The problem with cultivated meat and the broader plant protein industry in general is not that there’s too much investment, but that there’s far too little, says Glenn Hurowitz.
In 2023, cultivated meat attracted $177m (£140m) in investment. That’s million with an ‘m’. Just three countries have approved human consumption of these meats. The traditional meat industry is valued at more than $1.2trn. Trillion with a ‘t’. And is forecast to grow and grow.
In other words, the conventional meat industry that slaughters billions of animals per year and causes more climate pollution than all the cars, trucks, ships and planes in the world combined is around 6,779 times bigger than cultivated meat. Even if you consider the much broader plant-based meat sector, that had just $6.1bn in sales in 2022, that’s still less than 1% of industrial meat.
Which is too bad: because alternative proteins cut climate pollution more per investment dollar of any category of decarbonisation investment, according to Boston Consulting Group (BCG). Indeed, alternative proteins avoid 10 times the carbon pollution per dollar than electric vehicles, and 20 times more than green aviation.
So, it was galling to read a New York Times op-ed piece recently critiquing the cultivated meat industry for not yet achieving the scale of conventional meat – when it really hasn’t had the opportunity to do so. Perhaps a few cultivated meat entrepreneurs made silly claims that they would replace industrial meat in 10 years. What ebullient tech bro hasn’t made bold claims?
Businesses in the foodservice sector have also been among the first to serve up the ‘novel’ cultivated meats to intrigued diners and are key innovators in the plant-based space. There is appetite for more – and in more countries, including the UK. But everyone I know close to the industry has always recognised that scaling means serious investment over years.
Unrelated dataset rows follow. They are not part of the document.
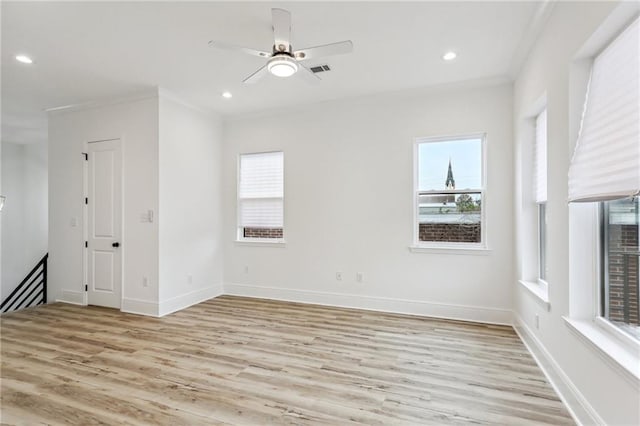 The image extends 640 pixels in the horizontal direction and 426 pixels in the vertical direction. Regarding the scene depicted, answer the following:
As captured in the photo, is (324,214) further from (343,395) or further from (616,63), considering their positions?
(616,63)

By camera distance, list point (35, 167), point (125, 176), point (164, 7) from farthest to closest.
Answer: point (35, 167), point (125, 176), point (164, 7)

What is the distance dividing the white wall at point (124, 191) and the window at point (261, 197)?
1.43m

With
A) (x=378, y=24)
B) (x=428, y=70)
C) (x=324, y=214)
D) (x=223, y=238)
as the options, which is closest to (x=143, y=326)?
(x=223, y=238)

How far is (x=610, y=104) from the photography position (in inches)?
71.1

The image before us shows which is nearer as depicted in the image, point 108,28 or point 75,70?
point 108,28

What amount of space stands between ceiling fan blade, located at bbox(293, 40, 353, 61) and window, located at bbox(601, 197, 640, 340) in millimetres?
2024

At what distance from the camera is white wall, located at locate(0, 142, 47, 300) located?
6609 millimetres

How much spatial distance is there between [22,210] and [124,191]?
14.1 ft

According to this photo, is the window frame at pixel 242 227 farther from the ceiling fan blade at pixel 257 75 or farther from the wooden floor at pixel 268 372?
the ceiling fan blade at pixel 257 75

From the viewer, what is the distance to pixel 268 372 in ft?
8.88

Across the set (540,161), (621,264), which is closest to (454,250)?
(540,161)

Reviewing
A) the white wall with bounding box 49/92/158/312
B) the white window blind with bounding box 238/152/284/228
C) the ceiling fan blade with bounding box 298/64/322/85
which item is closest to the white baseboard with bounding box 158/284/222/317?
the white wall with bounding box 49/92/158/312

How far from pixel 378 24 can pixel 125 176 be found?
383 cm

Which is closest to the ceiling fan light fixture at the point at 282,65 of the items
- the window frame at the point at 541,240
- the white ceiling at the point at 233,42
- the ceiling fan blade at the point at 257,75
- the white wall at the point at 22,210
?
the ceiling fan blade at the point at 257,75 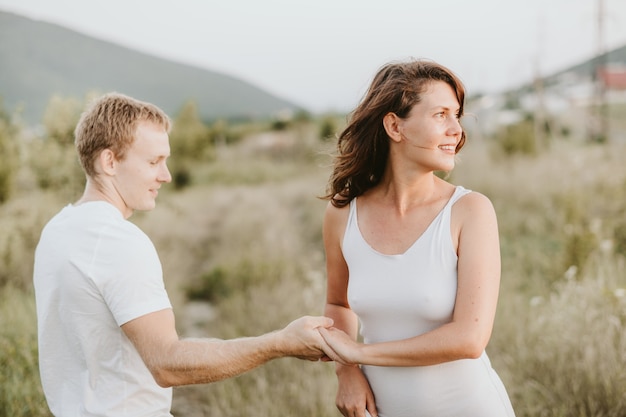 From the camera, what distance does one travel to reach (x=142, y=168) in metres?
2.20

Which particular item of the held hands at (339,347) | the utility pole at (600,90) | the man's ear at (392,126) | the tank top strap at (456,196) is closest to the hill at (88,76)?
the man's ear at (392,126)

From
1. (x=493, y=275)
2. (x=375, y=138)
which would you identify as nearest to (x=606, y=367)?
(x=493, y=275)

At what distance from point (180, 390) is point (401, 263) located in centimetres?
342

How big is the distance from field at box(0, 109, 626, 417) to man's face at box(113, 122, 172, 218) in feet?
3.97

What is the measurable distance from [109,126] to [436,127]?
1.28m

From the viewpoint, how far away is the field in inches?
153

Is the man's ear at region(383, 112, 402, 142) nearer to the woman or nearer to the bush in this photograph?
the woman

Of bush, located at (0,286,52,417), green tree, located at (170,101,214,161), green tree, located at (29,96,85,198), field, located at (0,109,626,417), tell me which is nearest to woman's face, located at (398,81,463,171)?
field, located at (0,109,626,417)

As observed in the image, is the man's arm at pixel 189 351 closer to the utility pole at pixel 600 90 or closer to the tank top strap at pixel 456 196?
the tank top strap at pixel 456 196

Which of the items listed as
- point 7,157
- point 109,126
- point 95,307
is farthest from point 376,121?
point 7,157

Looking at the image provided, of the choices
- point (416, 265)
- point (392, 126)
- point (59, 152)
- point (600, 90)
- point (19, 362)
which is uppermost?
point (600, 90)

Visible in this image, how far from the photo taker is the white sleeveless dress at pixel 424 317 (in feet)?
7.27

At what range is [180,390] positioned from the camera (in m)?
5.02

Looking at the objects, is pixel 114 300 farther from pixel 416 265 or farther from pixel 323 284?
pixel 323 284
Consider this statement, from McKinsey, in a 2021 paper. “Reaching a $25bn cultivated meat market by 2030 will require the annual production of 1.5 million tonnes of cultivated meat. At current levels of cell-culture productivity, the industry would need anywhere from 220 million to 440 million litres of fermentation capacity, enough to fill 88 to 176 Olympic-size swimming pools. Considering that the pharmaceutical industry’s current cell-culture capacity is estimated to be between 10 million and 20 million litres (less than 10 swimming pools), it will take a massive capital build-out just to reach 1% of the protein market.”
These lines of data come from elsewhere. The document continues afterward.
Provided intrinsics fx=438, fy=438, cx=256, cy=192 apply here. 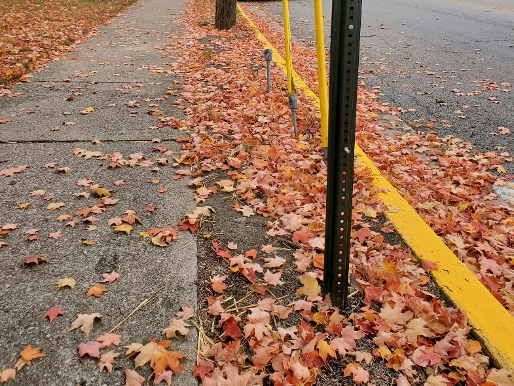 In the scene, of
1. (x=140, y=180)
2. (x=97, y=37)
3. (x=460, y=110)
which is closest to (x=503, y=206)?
(x=460, y=110)

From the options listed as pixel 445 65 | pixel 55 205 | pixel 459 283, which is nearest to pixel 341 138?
pixel 459 283

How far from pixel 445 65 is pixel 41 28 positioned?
7550 millimetres

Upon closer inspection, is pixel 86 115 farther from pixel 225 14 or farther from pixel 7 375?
pixel 225 14

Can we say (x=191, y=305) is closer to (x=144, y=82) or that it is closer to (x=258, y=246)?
(x=258, y=246)

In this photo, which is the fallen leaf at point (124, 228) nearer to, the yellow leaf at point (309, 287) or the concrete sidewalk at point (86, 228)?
the concrete sidewalk at point (86, 228)

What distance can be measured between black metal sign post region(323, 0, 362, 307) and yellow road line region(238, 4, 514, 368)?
60cm

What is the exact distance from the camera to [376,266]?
236cm

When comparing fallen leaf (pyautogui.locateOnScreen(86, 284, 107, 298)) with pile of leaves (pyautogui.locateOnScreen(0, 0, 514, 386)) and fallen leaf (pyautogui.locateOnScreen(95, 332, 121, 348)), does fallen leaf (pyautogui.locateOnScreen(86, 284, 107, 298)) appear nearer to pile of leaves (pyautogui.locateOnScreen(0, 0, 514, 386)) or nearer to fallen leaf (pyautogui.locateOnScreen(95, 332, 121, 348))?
pile of leaves (pyautogui.locateOnScreen(0, 0, 514, 386))

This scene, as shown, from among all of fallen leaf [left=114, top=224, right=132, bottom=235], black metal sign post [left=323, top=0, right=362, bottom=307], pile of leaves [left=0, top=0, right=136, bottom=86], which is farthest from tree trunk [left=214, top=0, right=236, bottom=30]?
black metal sign post [left=323, top=0, right=362, bottom=307]

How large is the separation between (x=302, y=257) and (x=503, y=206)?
1696 mm

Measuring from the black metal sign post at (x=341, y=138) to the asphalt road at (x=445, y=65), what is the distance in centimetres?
244

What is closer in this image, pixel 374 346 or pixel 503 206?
pixel 374 346

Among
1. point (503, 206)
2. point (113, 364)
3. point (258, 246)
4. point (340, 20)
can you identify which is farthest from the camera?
point (503, 206)

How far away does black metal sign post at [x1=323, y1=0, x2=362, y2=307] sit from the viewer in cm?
165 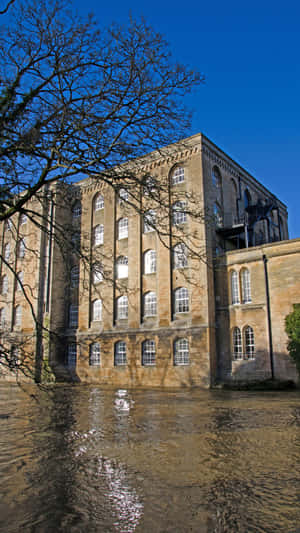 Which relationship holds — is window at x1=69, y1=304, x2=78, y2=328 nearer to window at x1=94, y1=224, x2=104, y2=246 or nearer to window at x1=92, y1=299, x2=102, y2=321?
window at x1=92, y1=299, x2=102, y2=321

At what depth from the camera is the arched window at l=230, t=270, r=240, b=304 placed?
24.7 meters

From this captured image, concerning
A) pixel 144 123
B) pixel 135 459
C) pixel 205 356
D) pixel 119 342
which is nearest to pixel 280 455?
pixel 135 459

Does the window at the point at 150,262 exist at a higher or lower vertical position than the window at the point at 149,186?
higher

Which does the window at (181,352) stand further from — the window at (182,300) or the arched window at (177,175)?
the arched window at (177,175)

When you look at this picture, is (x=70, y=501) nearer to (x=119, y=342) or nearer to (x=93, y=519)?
(x=93, y=519)

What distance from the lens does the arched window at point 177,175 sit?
2750 cm

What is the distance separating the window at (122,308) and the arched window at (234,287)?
7.92m

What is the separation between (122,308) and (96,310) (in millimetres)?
2772

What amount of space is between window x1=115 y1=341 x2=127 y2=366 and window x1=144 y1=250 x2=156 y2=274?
5.32 m

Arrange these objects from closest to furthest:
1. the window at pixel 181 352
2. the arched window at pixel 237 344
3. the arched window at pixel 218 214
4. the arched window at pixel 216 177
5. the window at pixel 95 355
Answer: the arched window at pixel 237 344 → the window at pixel 181 352 → the arched window at pixel 218 214 → the arched window at pixel 216 177 → the window at pixel 95 355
That’s going to require billions of dollars in investment. A realistic goal is probably to get there by 2030 – which could set the scale for a deeper transformation in the decades to come.
The alternative protein businesses I know are ready to scale up to larger factories, fermenters, and marketing teams, but they need capital to do it. Like all nascent industries, growth is going to require a combination of government and private sector investment.
Climate superfix
Clean energy got to the scale it did because of state requirements and feed-in tariffs, which ultimately created enough of a financial incentive for the private sector to step in and scale. Whether it’s railroads, automobiles, or semiconductors, government investment has always been part of the growth of new industries.
Dollar for dollar, alternative protein is the single most powerful technological solution to climate change and deforestation – and deserves a commensurate amount of support. Indeed, only nature itself surpasses plant-based and cultivated protein as an affordable climate superfix.
The bottom line: cultivated and plant-based proteins need vastly more investment, not kvetching that all is lost because progress is hard.
Glenn Hurowitz is founder and CEO of Mighty Earth, a global environmental organisation focused on supply chain transparency and corporate accountability.